University of Minnesota
Aerospace Engineering and Mechanics
Winter 1999 Seminar Series

MEMS and Micro Fluid Dynamics

Prof. Chih-Ming Ho

Ben Rich-Lockheed Martin Professor and Director of Center for Micro Systems

Mechanical & Aerospace Engineering Dept. University of California-Los Angeles


In the late 1980s, micromachine technology emerged by applying the integrated circuit (IC) manufacturing processes to fabricate mechanical parts with feature sizes in the order of microns. This approach opens new domains both for fundamental research and for applications in all engineering disciplines. The surface to volume ratio of a device is inversely proportional to its length scale. In the case of a micron range length scale, the large surface to volume ratio accentuates the surface effect.

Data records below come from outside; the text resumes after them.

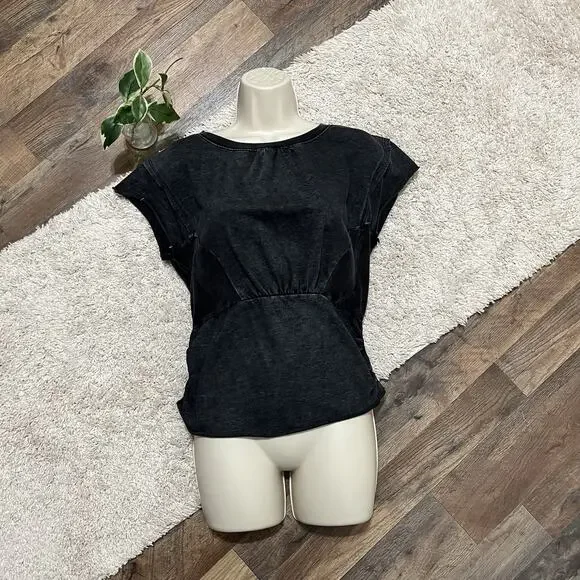 Buckle Gilded Intent Medium Stone Wash Raw Edge Ribbed Lace Up Edgy Corset Top - Picture 2 of 7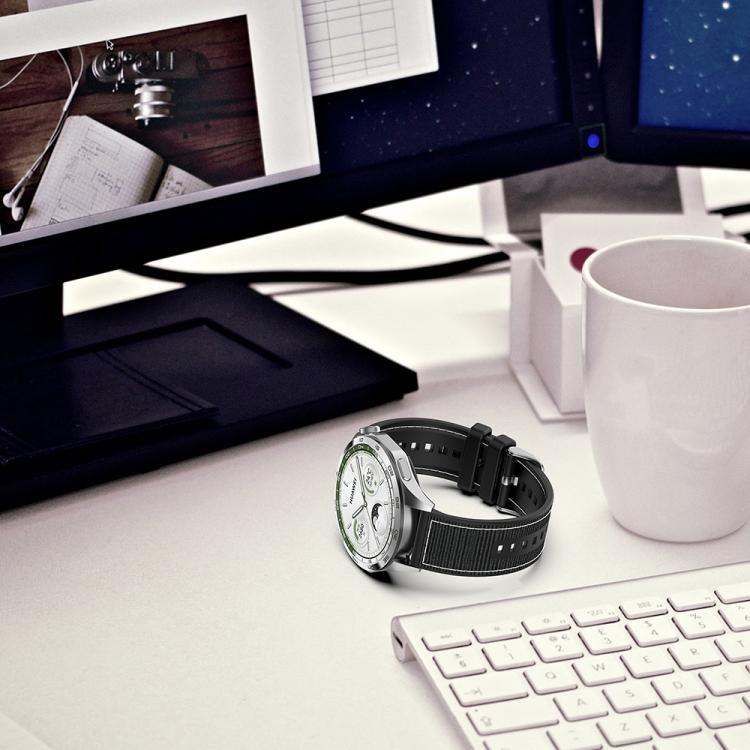 22mm Kalebol Ordinary Silver Buckle Hybrid Nylon Braid Silicone Watch Band(Midnight Blue) - free shipping - PMc TechLife - Order now!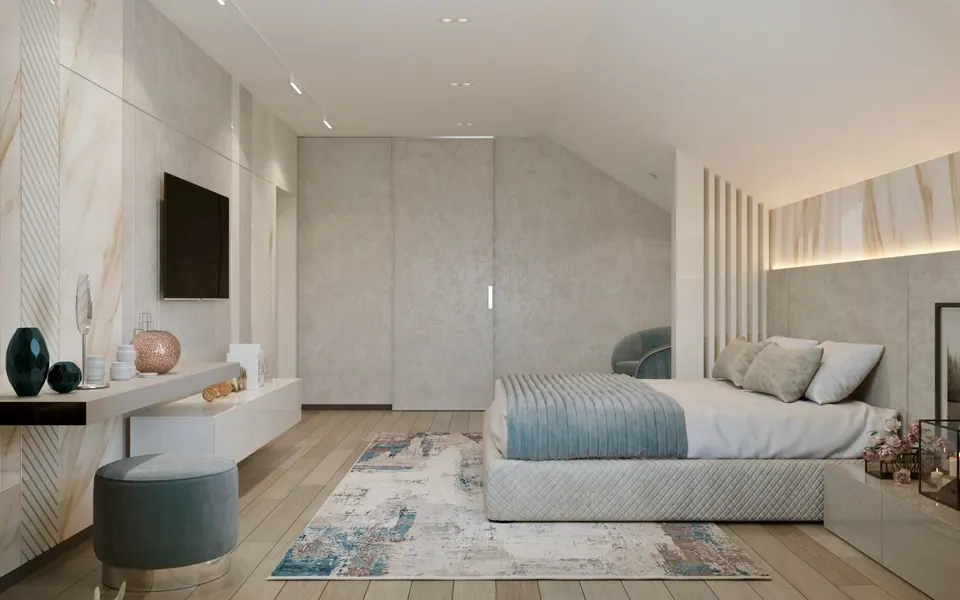 upholstered wall panels in villa bedroom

We might need to include the originally discarded surface forces and re-examine the constitutive relation as well as the boundary condition in the mass, momentum transport equations. For example, the viscosity of a simple fluid can be a function of the device size. We have also become aware that the thermal conductivity of thin-layered material can only be 1% to 10 % of the bulk material value depending on the size of the layer and its surface roughness. During the last decade, large varieties of microsensors and microactuators have been developed based on the micromachine technology. These microtransducers can be integrated with an IC based logic circuit to form a micro-electro-mechanical-system (MEMS) which is able to perform sensing-decision-actuation functions. This capability enables us to control natural phenomena in real-time and/or in a distributed manner. The MEMS controlled phenomena under investigation ranges from maneuvering an aircraft with a size of meters to detecting DNA with a size of a nano meter.

Friday, February 26, 1999
209 Akerman Hall
2:30-3:30 p.m.

Refreshments served after the seminar in 227 Akerman Hall.
Disability accomodations provided upon request.